The rule of the Golden Ratio has been attracting artistic people throughout the history due to the unique combination of mysticism and mathematical order that it comprises. As such, it is not surprising that both painters and artists use this technique in order to achieve harmony and structural perfection. In this frame, it might be assumed that painters have more freedom to exploit this rule since they create a new reality from a scratch. Photographers, in their turn, face a more complicated task of finding the right proportion and capturing it. It is suggested that this technique allows creating an astonishing balance that has a special impact on the viewers’ even though they might not perceive the use rule at first sight especially in relations to photos that are commonly less expected to be structured in accordance with this rule. It is, therefore, proposed to compare two pieces – “The Last Supper” by Leonardo Da Vinci, which is a classic example of the use of the Golden Section, and a “Graceland” made by William Eggleston.

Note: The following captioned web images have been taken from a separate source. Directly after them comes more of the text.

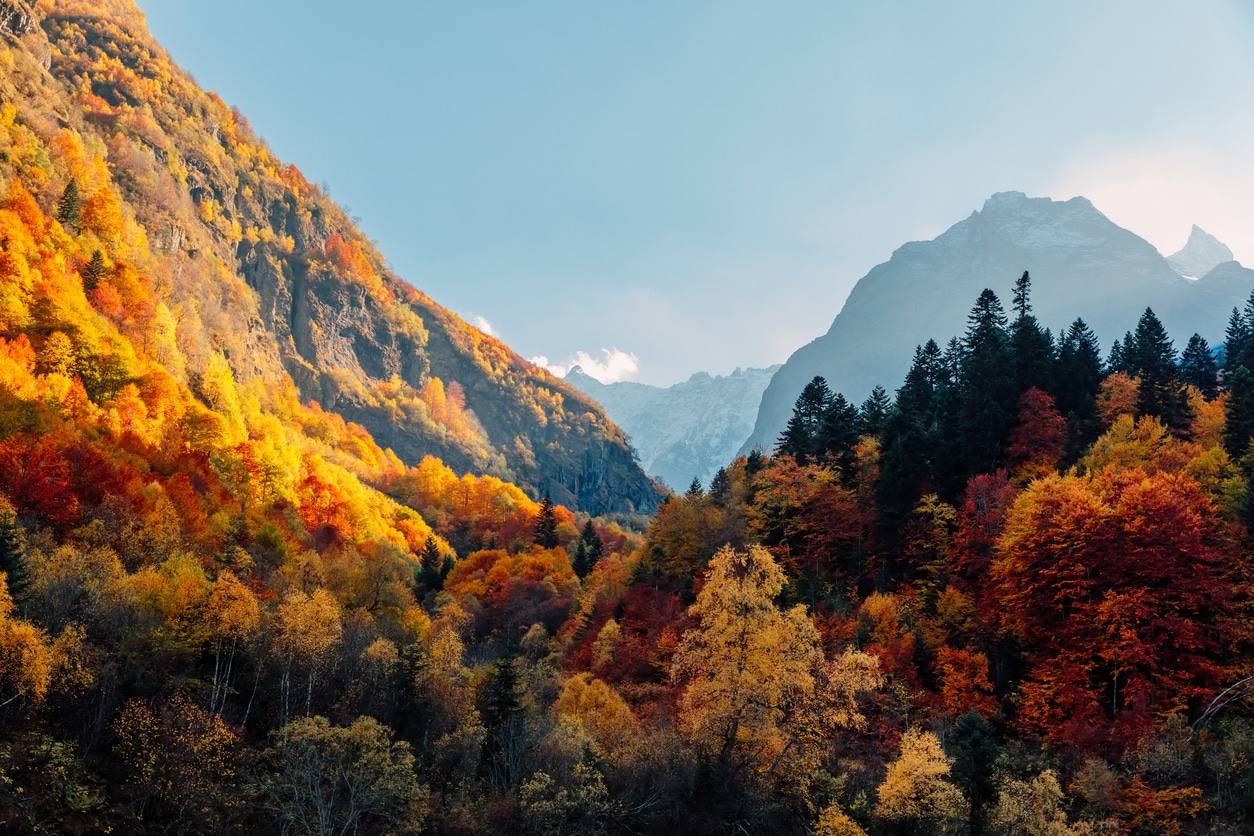 Feuillages d'automne dorés encadrant un paysage urbain pittoresque lors d'un voyage en famille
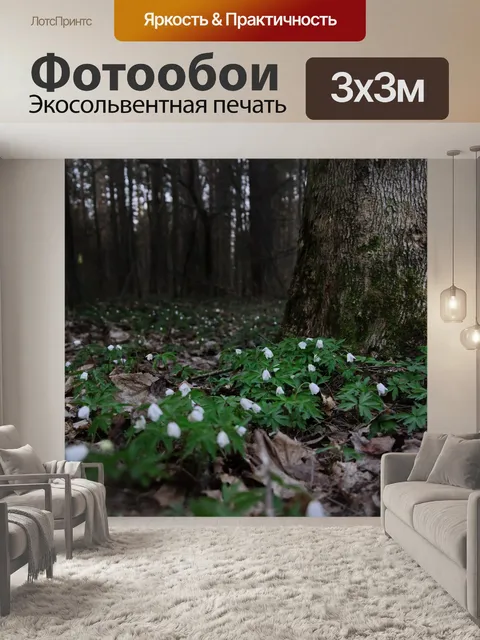 Фотообои Лес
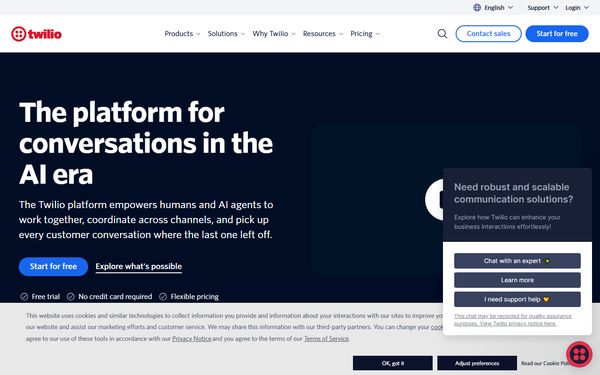 Homepage screenshot of Twilio International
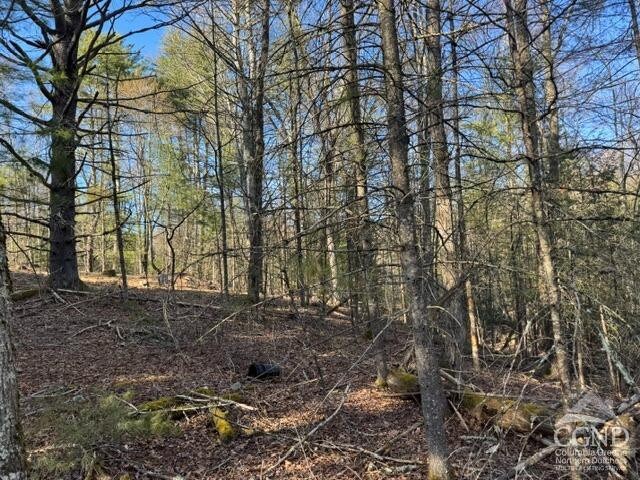 46 Pine Grove Rd, Kerhonkson, NY 12446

Looking at the “Last Supper,” one is sure to perceive the orderliness of the lines and the inherited regularity even if they have never heard of the Golden Section Rule. As such, the use of this technique makes a viewer to spend more time on the examination of the painting. Let us suppose that the Da Vinci did not use the rule and the Apostles would be placed in a random manner. In this case, the painting would immediately lose its pathos and sonority. Moreover, one would hardly want to spend much time examining it, since it is tiresome to distinguish myriads of objects erratically placed throughout the canvas. Bearing this idea in mind, it is rational to assume that photographers likewise exploit the rule to add value to their works. Thus, for instance, Eggleston’s “Graceland” produces some inexplicable impression of order and perfection. On the face of it, the room’s design is highly irregular. However, a viewer is sure to fee that there is some systematic formula hiding behind this irregularity. It might be assumed that the photographer has spent a long time to find the right angle from which he could capture these perfect proportions.
The fact that the use of the “Golden ratio” rule helps to bring in some additional charm and mystery to a work of art can be illustrated by the comparison of the two famous pieces such as Leonardo Da Vinci’s “Mona Lisa” and Henri Cartier Bresson’s “Children on a Staircase.” In both cases, the use of the “Golden Ration” is not as evident as it is in the previously analyzed examples. The viewer feels its presence because he or she cannot pass on to the next painting being stopped by an inexplicable desire to unravel some puzzle incorporated into these pieces. As such, the creators enforce the audience to give their works a due consideration by using this rule.